What are the rarest places on the planet? With an overflowing population, is it still possible to inhabit the void and experience solitude?
Rarity means, in its statistical definition, a very unlikely event in a set of possible events. By defining the set of geographic coordinates of the planet as the number of possible events, it is possible to calculate the probability of finding a specific latitude and longitude pair in a random number draw and, thus, quantify its rarity.
Through a combinatorial analysis, I calculate that there are 839,808,000,000 locations indicated by coordinates, considering degrees, minutes and seconds for latitude and longitude on the global map. Therefore, the probability of drawing a specific pair of coordinates in this set is 1 chance in more than 800 billion events!
Using an application to draw random numbers, I drew 3 pairs of coordinates and thus found the three rarest places on the planet.
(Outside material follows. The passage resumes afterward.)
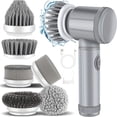 thumbnail image 1 of 1set, Electric Rotary Scrubber, Electric Cleaning Brush 9 In 1 Handheld Kitchen Cleaning Cordless Rotary Scrubber, 6 Replaceable Brush Heads High Speed Cleaning Brush, 1 of 13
I located these coordinates on the global map using the Google Maps geolocation service and registered them on this platform with the name “Latitude Longitude”, classifying them in the “open-air museums” category.
Since then, I visit them frequently, browse satellite images, explore the relief features, search for information and data on the network about these places. I collect numbers.
The first place drawn was Norskehavet. I floated over the submerged mountain range Scotland-Greenland, formed 250 million years ago, with 2471 meters of altitude in relation to the surrounding ocean floor, with 3000 meters of depth. This mountain range is considered a portal between the Atlantic Ocean and the Norwegian Sea. Somehow these numbers connect to subjectivity, inspiring desires for distance and aspirations for futures in an imagined presence. Magnitudes inspires delusions.
I have tried to inhabit this imagery layer of space. My thought travels in the cloud, my conscience permeates the network. I move in intention and immersion and find my way through tangle of nodes in the network. The fact that I have found and named them makes them mine in the origin, but I have no legal rights over them. The viewing platform for the locations is private, but currently it is free. The coordinates are in the public domain and the location of this open-air museum can be shared. Visitors can wander in this layer with or without interaction with other passersby, leaving more or less digital footprints.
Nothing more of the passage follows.